Our director did want one major interior…. The Natural History Museum. The tricky thing was in his script he wanted the actors to find a stuffed Ostrich in the museum. They do have an ostrich in the museum but behind glass on a corridor and our director wanted it to be somewhere more prominent! The museum is film friendly with filming taking place out of hours and we could be there all night if necessary, but the Ostrich relocation was a problem. They don’t allow stuffed animals from outside the collection to come into the building in case it brings in bugs which could infest the other stuffed animals….. unless we could freeze it for 48hrs killing any infectious bugs!
 
Well, who has a freezer that large…. The Natural History Museum. So, I asked. If the bird came from a known supplier – which it did. The NMM were happy for it to be dropped off three days in advance for a freeze and thaw, they also installed it for on the bridge in the Hintz Hall as soon as the front doors closed to the public. As soon as the last member of public left, our collection of trucks and vans entered the forecourt to off load with lighting having to swiftly install and light this huge space. With a minute by minute timetable planned and managed by ALM Imogen Forbes the camera was rolling an hour or later.
 
The film also took us to Leadenhall Market, Greenwich Park, Little Venice, St Dunstan’s in the East and The Windmill Club.

Mary & George

London, Stirling, Lincolnshire & Norfolk


IMG_1219

The End We Start From

London & West Coast Scotland


IMG_0063
Who would want to make a film about in a flood in a drought!
 
The summer of 2022 was a hot one, perhaps the hottest on record with some days touching 40 degrees.
 
We started on location in London, one of the major sets was a London Street with post flood detritus across the whole road across gardens and up the fronts of houses. We had started by scouting for disused residential streets, perhaps ready for demolition or redevelopment.
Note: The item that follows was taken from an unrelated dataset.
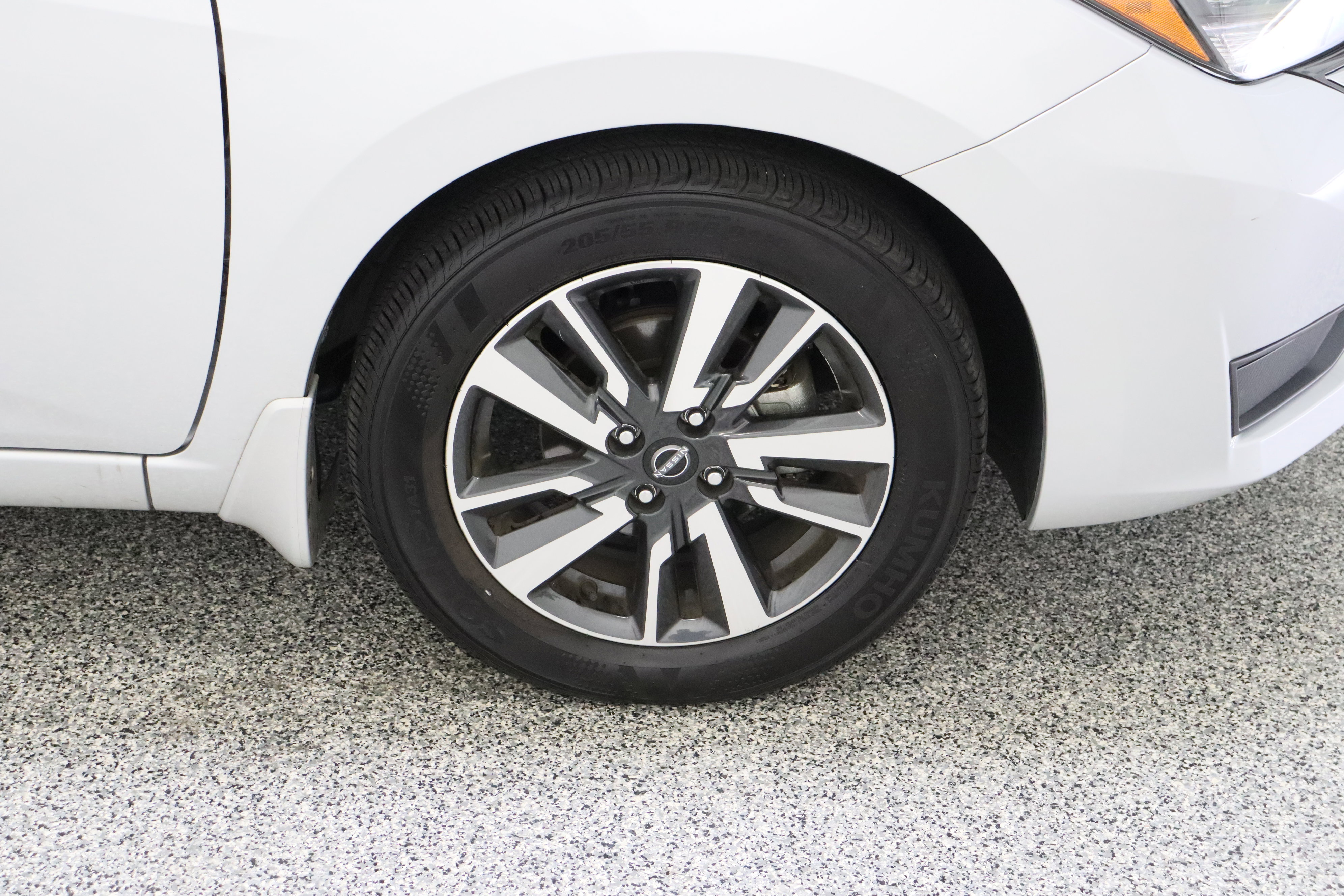 Used 2025 Nissan Versa SV w/ Trunk Package image 5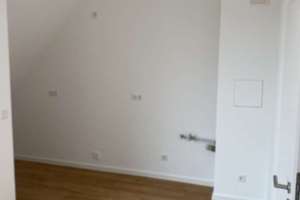 Sofortbezug: Große Dachgeschosswohnung mit sonnigem Süd-West-Balkon und Terrasse - provisionsfrei – Straße 9, Hausnummer 34, 12309 Lichtenrade, Berlin – Vorschaubild 5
We checked with many city film offices and commissions. I had seen streets like this in Hull previously, whole terraces boarded up ready for demolition but this was in 2013, I checked with the Hull film office but all had since been demolished. We decided to find a willing street in London which we could set dress.
 
It started with finding an empty house which the owners had just bought but had not started renovations in Hackney. We needed it for about two months to make it look like an everyday home for the early scenes in the film then set dress it to look like a flood had swept through it. We found a suitable house and owner and then started to scout locally for a dead end street with similar architecture. By having a dead end it would be easier to close and block with our flood detritus, the designer wanted overturned cars so we needed a very complicit community for such an undertaking. Surprisingly we quickly found a street nearby and with willing residents.
 
Each house was contacted and let’s say 50% where up for it. Cars from both sides of the street cleared and for two days we dumped water damaged furniture, waste and upturned cars! During this process some of the house owners dumped their own bulky waste into our street set dressing (as we promised to remove everything for official disposal), water pipes where threaded through make it look like water was still running through and drains blocked to create pools of water.
 
Throughout the whole shoot the weather peeked at 40
o and we constantly carried with us 20’000lts of fresh water as each scene needed rain or wet downs. As it was deemed a drought the water supply company had to get a licence to source and use water like this. This did situation did cause a few complaints from residents as their gardens where dying and we were watering our sets! This was soon remedied with a hose down of parched gardens around the locations from our water bowser.